If you're browsing articles on this site, two things are probably true.  First, you're probably in Chicago, or associated with Chicago in some way.  Second, you're probably interested in start-ups. Seem like fair assumptions?
 
If you have any thoughts of thriving, or even surviving in either of those worlds, you're going to need this one key trait above all others: resilience. 
 
First, as it relates to Chicago. This winter is killing us. We've had our 35th day of measurable snowfall.  Four 'snow days' that closed schools. The temperature has dropped below zero 16 times. When is the last time you've seen the sun? How many times have you dug your car out? Shoveled your walkway? How many shovels have you broken? Have you replaced your car battery? Fixed a frozen pipe? Slipped on ice?
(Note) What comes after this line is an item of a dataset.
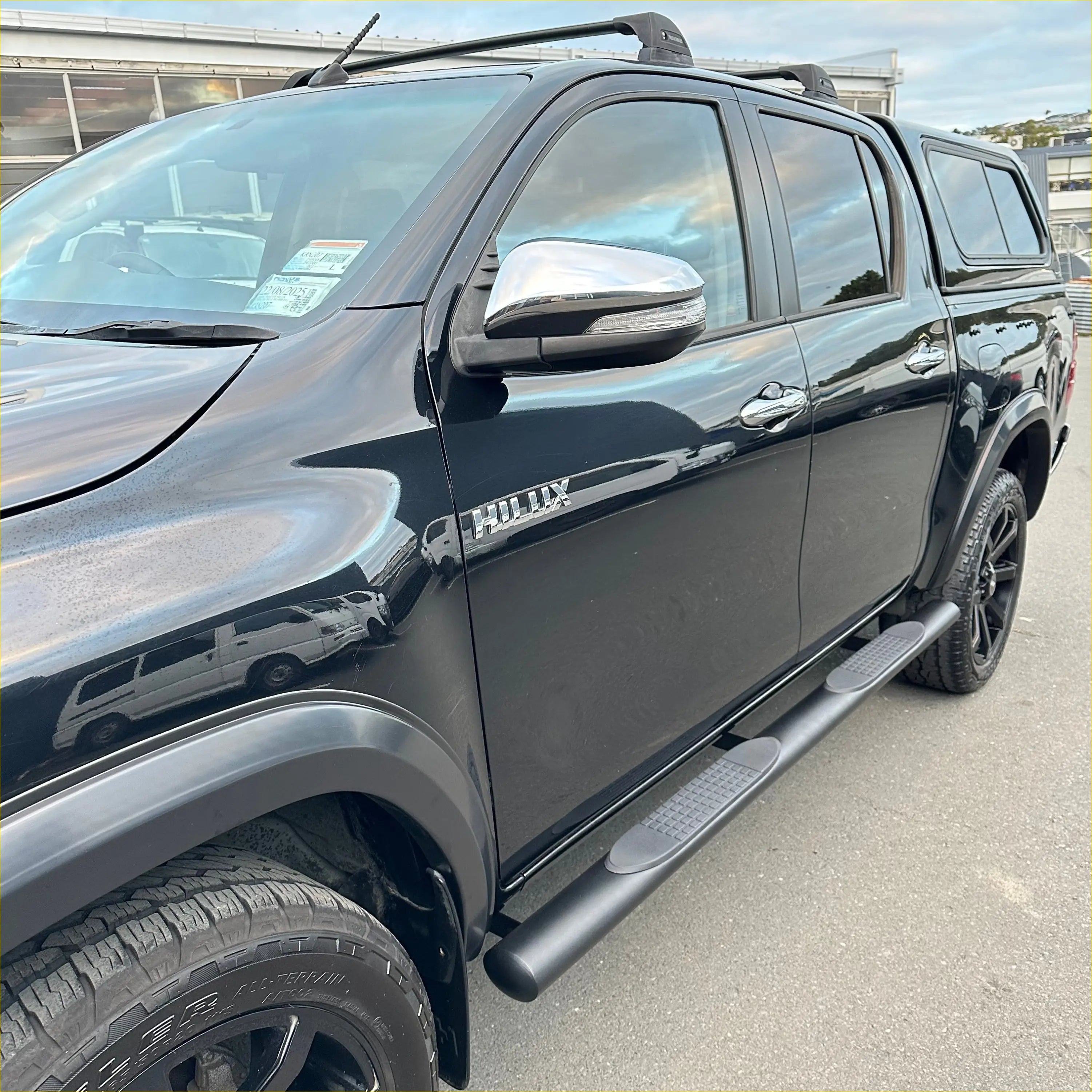 Running Board 4 inch Oval Tube Black Stainless Steel Hilux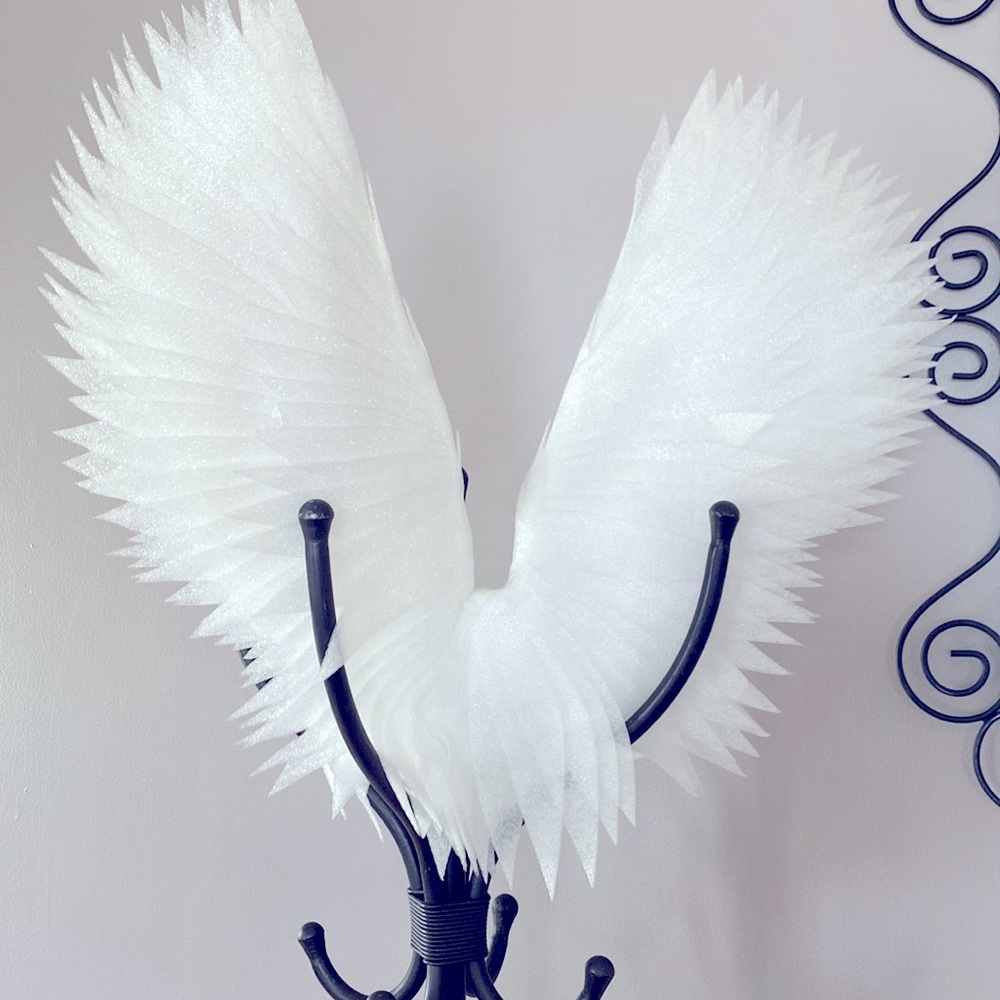 Toodlers angel wings for Halloween.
Been the victim of 'switching problems' on the CTA?
 
And yet each morning, through it all, we wake up, bundle up, and go to work.  And it is hard. It takes resilience. You get through one day, then another, another, and before you know it, the 'gloomy and cold' forecast has turned to 'sunny and cold', and things are looking up.  Pitchers and catchers report to camp, the tulips begin to shoot up, and you remember why you live in this great city.
 
The other pre-req to reading this is that you're interested in start-ups.  Maybe you'd like to be part of one, maybe you are part of one. And this is true, even though you know your odds - that most will fail.
 
You're choosing the start-up lifestyle even though you're having a harder time than you imagined making sales.  Even though you're running out of funding. Even though you're having trouble finding funding.  
 
The odds are stacked against you, but the vision of success, the feeling of being a part of something meaningful, the joy of doing something you love - these are the reasons you fight the odds every day.
 
And what happens if you're in that 75% of start-ups that fail, and you have to close your doors? You get up, lick your wounds, and get back out there.  Just like we do in Chicago winters.  Maybe you tweak your idea, or maybe you have a new idea. You go back out there armed with a new set of experiences, a new set of lessons, and you try again - this time all the wiser.  You are resilient, because you have to be.
 
For inspiration you remind yourself of those that came before you.  You remember that Airbnb had a collection of maxed-out credit cards before they made it. You remind yourself that Evernote was days away from having to close its doors before turning things around. 
 
And you remember what Thomas Edison said: "I am not discouraged, because every wrong attempt discarded is another step forward."
 
So you get up, bundle up, and get back to work.